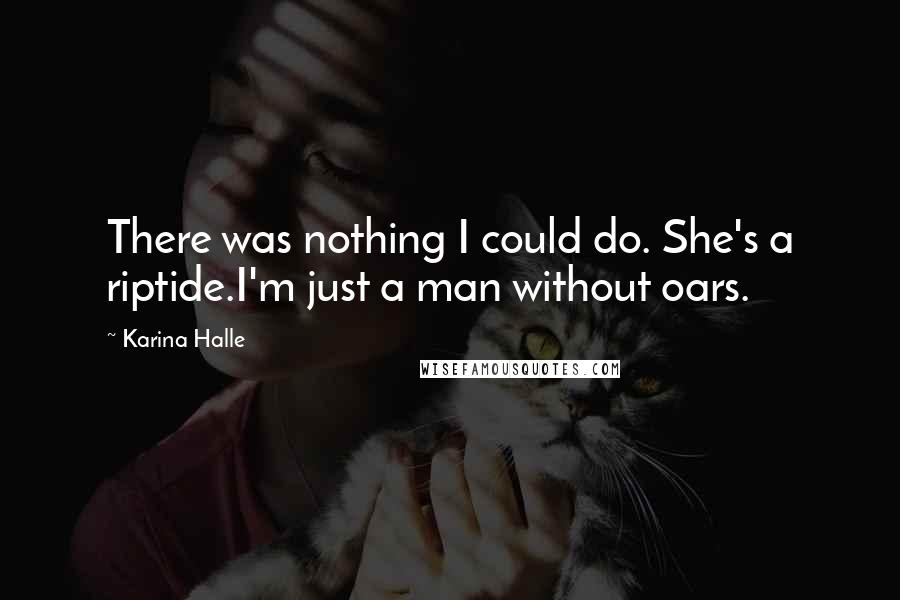 Karina Halle Quotes: There was nothing I could do. She's a riptide.I'm just a man without oars.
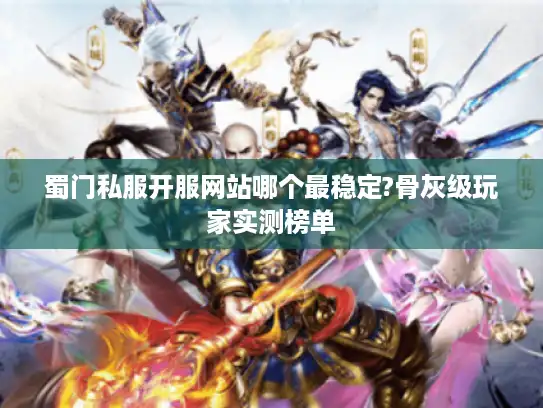 蜀门私服开服网站哪个最稳定?骨灰级玩家实测榜单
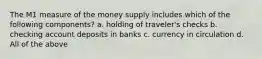 The M1 measure of the money supply includes which of the following components? a. holding of traveler's checks b. checking account deposits in banks c. currency in circulation d. All of the above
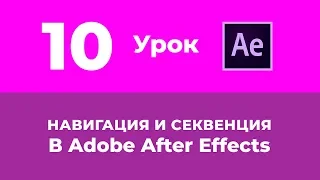 Базовый Курс Adobe After Effects. Навигация и Секвенция. Урок №10.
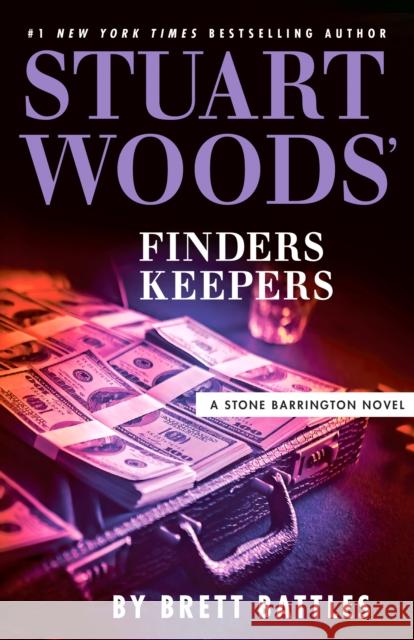 Stuart Woods' Finders Keepers Stuart Woods 9780593854723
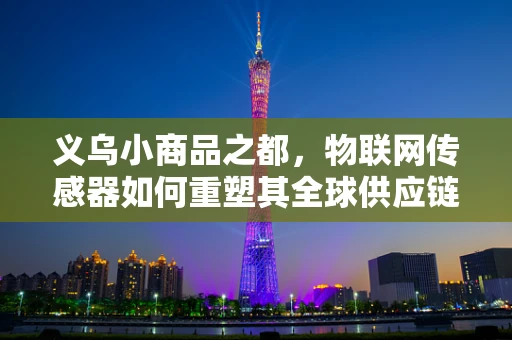 义乌小商品之都，物联网传感器如何重塑其全球供应链的透明度与效率？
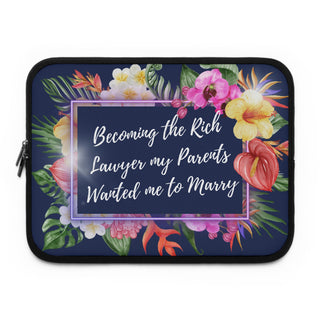 Becoming the Rich Lawyer my Parents wanted me to Marry Laptop Sleeve - *This is not legal advice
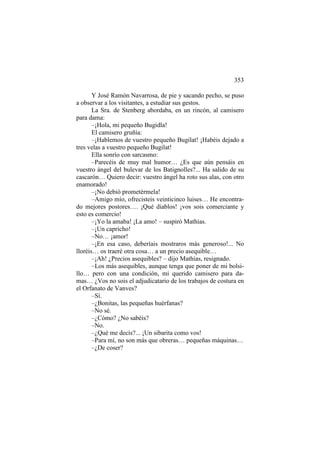 353
Y José Ramón Navarrosa, de pie y sacando pecho, se puso
a observar a los visitantes, a estudiar sus gestos.
La Sra. de Stenberg abordaba, en un rincón, al camisero
para dama:
–¡Hola, mi pequeño Bugidla!
El camisero gruñía:
–¡Hablemos de vuestro pequeño Bugilat! ¡Habéis dejado a
tres velas a vuestro pequeño Bugilat!
Ella sonrío con sarcasmo:
–Parecéis de muy mal humor… ¿Es que aún pensáis en
vuestro ángel del bulevar de los Batignolles?... Ha salido de su
cascarón… Quiero decir: vuestro ángel ha roto sus alas, con otro
enamorado!
–¡No debió prometérmela!
–Amigo mío, ofrecisteis veinticinco luises… He encontrado mejores postores…. ¡Qué diablos! ¡vos sois comerciante y
esto es comercio!
–¡Yo la amaba! ¡La amo! – suspiró Mathías.
–¡Un capricho!
–No… ¡amor!
–¡En esa caso, deberíais mostraros más generoso!... No
lloréis… os traeré otra cosa… a un precio asequible…
–¡Ah! ¿Precios asequibles? – dijo Mathías, resignado.
–Los más asequibles, aunque tenga que poner de mi bolsillo… pero con una condición, mi querido camisero para damas… ¿Vos no sois el adjudicatario de los trabajos de costura en
el Orfanato de Vanves?
–Sí.
–¿Bonitas, las pequeñas huérfanas?
–No sé.
–¿Cómo? ¿No sabéis?
–No.
–¿Qué me decís?... ¡Un sibarita como vos!
–Para mí, no son más que obreras… pequeñas máquinas…
–¿De coser?

 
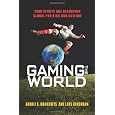 Gaming the World: How Sports Are Reshaping Global Politics and Culture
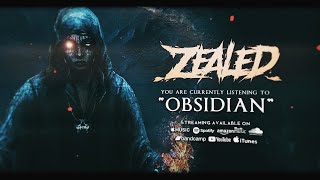 ZEALED - OBSIDIAN [OFFICIAL LYRIC VIDEO] (2023) SW EXCLUSIVE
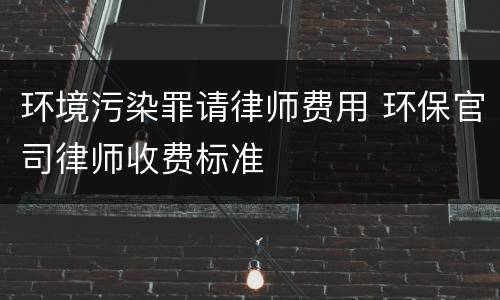 环境污染罪请律师费用 环保官司律师收费标准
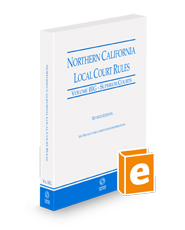 Northern California Local Court Rules - Superior Courts, 2024 revised ed. (Vol. IIIG, California Court Rules)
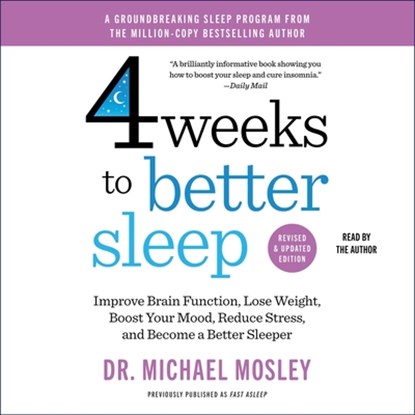 4 Weeks to Better Sleep: Improve Brain Function, Lose Weight, Boost Your Mood, Reduce Stress, and Become a Better Sleeper, Michael Mosley - AVM - 9781668171752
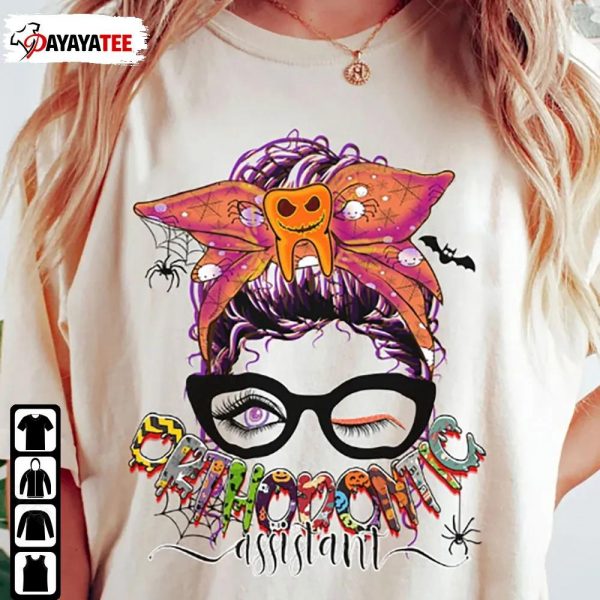 Orthodontic Assistant Halloween Shirt Messy Bun Orthodontic Hygienists Halloween Costume - Ingenious Gifts Your Whole Family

^^^^

Each line from the one holding "Y José Ramón" to the end of the records above must be copied exactly; the pictures must not be copied.

Y José Ramón Navarrosa, de pie y sacando pecho, se puso
a observar a los visitantes, a estudiar sus gestos.
La Sra. de Stenberg abordaba, en un rincón, al camisero
para dama:
–¡Hola, mi pequeño Bugidla!
El camisero gruñía:
–¡Hablemos de vuestro pequeño Bugilat! ¡Habéis dejado a
tres velas a vuestro pequeño Bugilat!
Ella sonrío con sarcasmo:
–Parecéis de muy mal humor… ¿Es que aún pensáis en
vuestro ángel del bulevar de los Batignolles?... Ha salido de su
cascarón… Quiero decir: vuestro ángel ha roto sus alas, con otro
enamorado!
–¡No debió prometérmela!
–Amigo mío, ofrecisteis veinticinco luises… He encontrado mejores postores…. ¡Qué diablos! ¡vos sois comerciante y
esto es comercio!
–¡Yo la amaba! ¡La amo! – suspiró Mathías.
–¡Un capricho!
–No… ¡amor!
–¡En esa caso, deberíais mostraros más generoso!... No
lloréis… os traeré otra cosa… a un precio asequible…
–¡Ah! ¿Precios asequibles? – dijo Mathías, resignado.
–Los más asequibles, aunque tenga que poner de mi bolsillo… pero con una condición, mi querido camisero para damas… ¿Vos no sois el adjudicatario de los trabajos de costura en
el Orfanato de Vanves?
–Sí.
–¿Bonitas, las pequeñas huérfanas?
–No sé.
–¿Cómo? ¿No sabéis?
–No.
–¿Qué me decís?... ¡Un sibarita como vos!
–Para mí, no son más que obreras… pequeñas máquinas…
–¿De coser?

 
 Gaming the World: How Sports Are Reshaping Global Politics and Culture
 ZEALED - OBSIDIAN [OFFICIAL LYRIC VIDEO] (2023) SW EXCLUSIVE
 环境污染罪请律师费用 环保官司律师收费标准
 Northern California Local Court Rules - Superior Courts, 2024 revised ed. (Vol. IIIG, California Court Rules)
 4 Weeks to Better Sleep: Improve Brain Function, Lose Weight, Boost Your Mood, Reduce Stress, and Become a Better Sleeper, Michael Mosley - AVM - 9781668171752
 Orthodontic Assistant Halloween Shirt Messy Bun Orthodontic Hygienists Halloween Costume - Ingenious Gifts Your Whole Family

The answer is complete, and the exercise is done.